We've started the benchmarking process for the freshly tagged, fully Chang 2 capable Node version 10.0 pre-release.

Development

Calibrating a governance action / voting workload within our submission service tx-generator is more involved than anticipated.

As measurements for performance impact of voting are required very shortly, we have - in parallel - created a nix / bash based solution. That one uses cardano-cli for creating and submitting proposals and voting transactions, while the generator can run any other known workload simultaneously. Thus, we expect to get a clear performance delta between voting vs. no voting going on. This setup has already been deployed, and is passing testing - soon to be used for the first real-world voting benchmarks.

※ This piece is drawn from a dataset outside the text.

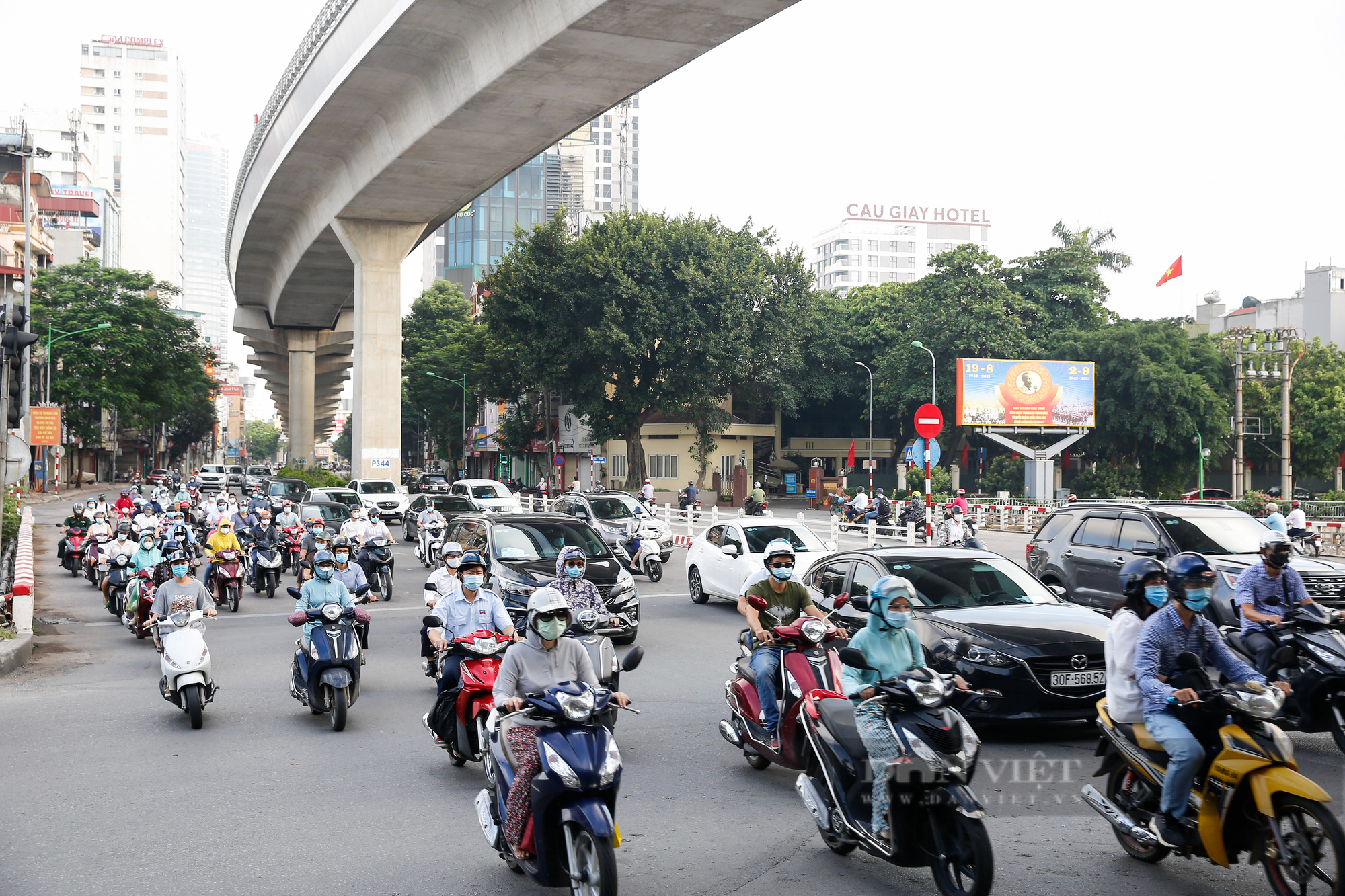 Phó giám đốc CDC Hà Nội: &quot;Người dân cứ ra đường đông như thế không biết đến lúc nào mới cắt đứt được nguồn lây&quot; - Ảnh 1.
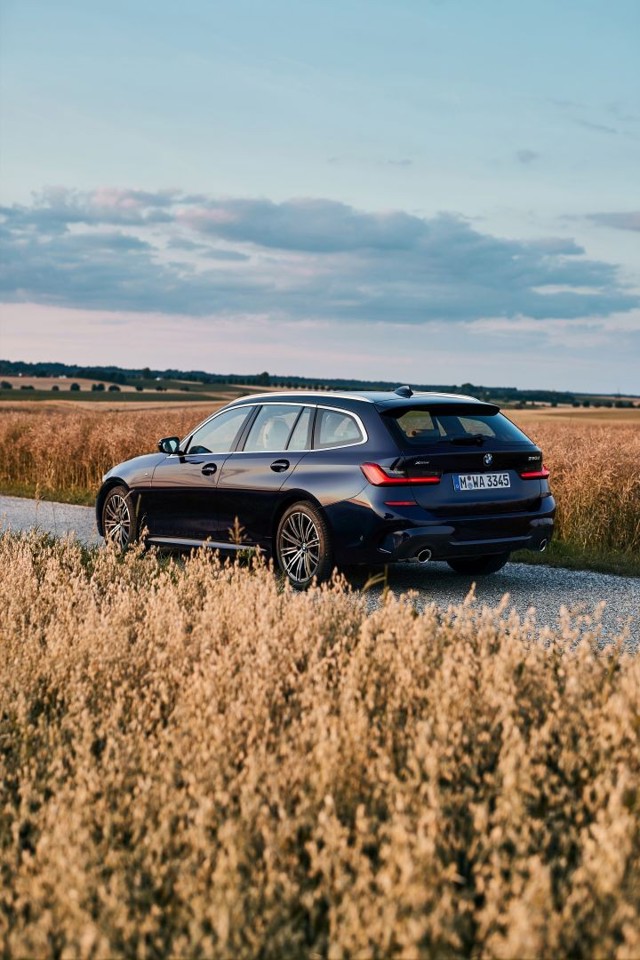 Bmw 3 Series Touring foto 172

The implementation however is less flexible, much less parametrizable, and in its design tied to the very specific, fixed topology of the Nomad cluster. The workload definition inside tx-generator will thus continue, and eventually be used as the standard for benchmarks targeting voting / governance.

Tracing

The new tracing system, more specifically, the components that forward metrics and traces to cardano-tracer, contain well-defined peers in the sense of the typed-protocols package. The upcoming bump to recently released version 0.3 contains breaking changes in the package API. We've begun necessary downstream adjustments in our packages, re-defining aforementioned peers using the new API.